Your output should consist of the lines from the first line of the records below through the one with "2 Pieces Pet", exactly, minus the pictures.
++++ Supplied information
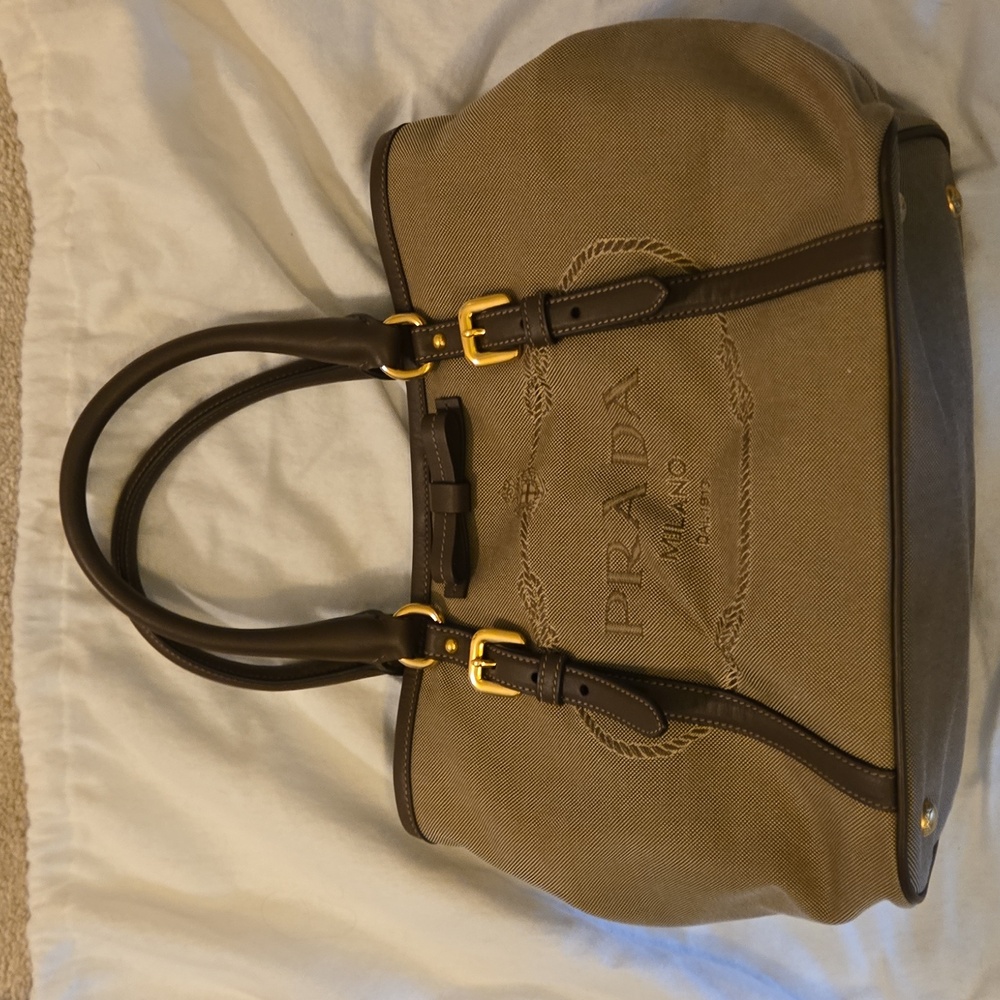 Prada Tan and Brown Shoulder Bag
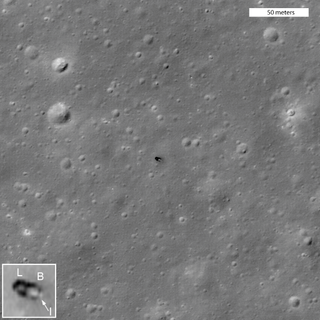 Killer tracks created by Lunokhod 2 as it rolled across the moon, photographed by NASA's Lunar Reconnaissance Orbiter.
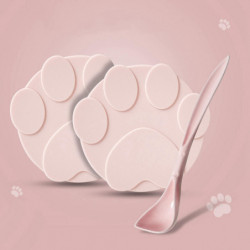 2 Pieces Pet Food Can Lids Silicone Dog Cat Food Can Covers Food Spoon Pink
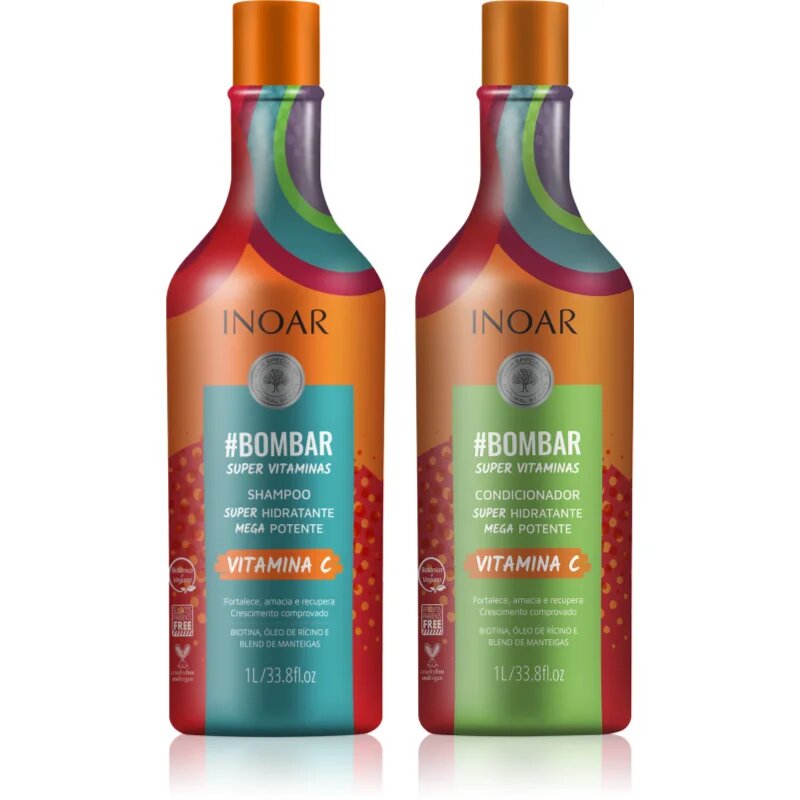INOAR #Bombar Super Line Super Vitaminas комплект За коса с витамин С 2x1000 мл.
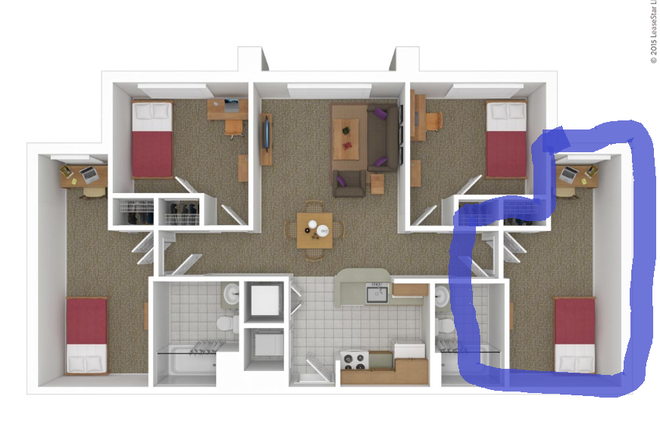 layout with room circled in blue - South Campus Commons 2, on campus next to dining hall Apartments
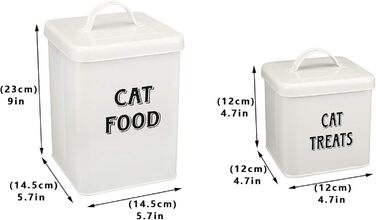 Контейнери для корму Morezi (2 шт.), з вуглецевої сталі, з герметичним кришкою та ложкою, для зберігання корму для собак, котів та інших тварин. Білий колір.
++++++++
* [Task result]:
 Prada Tan and Brown Shoulder Bag
 Killer tracks created by Lunokhod 2 as it rolled across the moon, photographed by NASA's Lunar Reconnaissance Orbiter.
 2 Pieces Pet Food Can Lids Silicone Dog Cat Food Can Covers Food Spoon Pink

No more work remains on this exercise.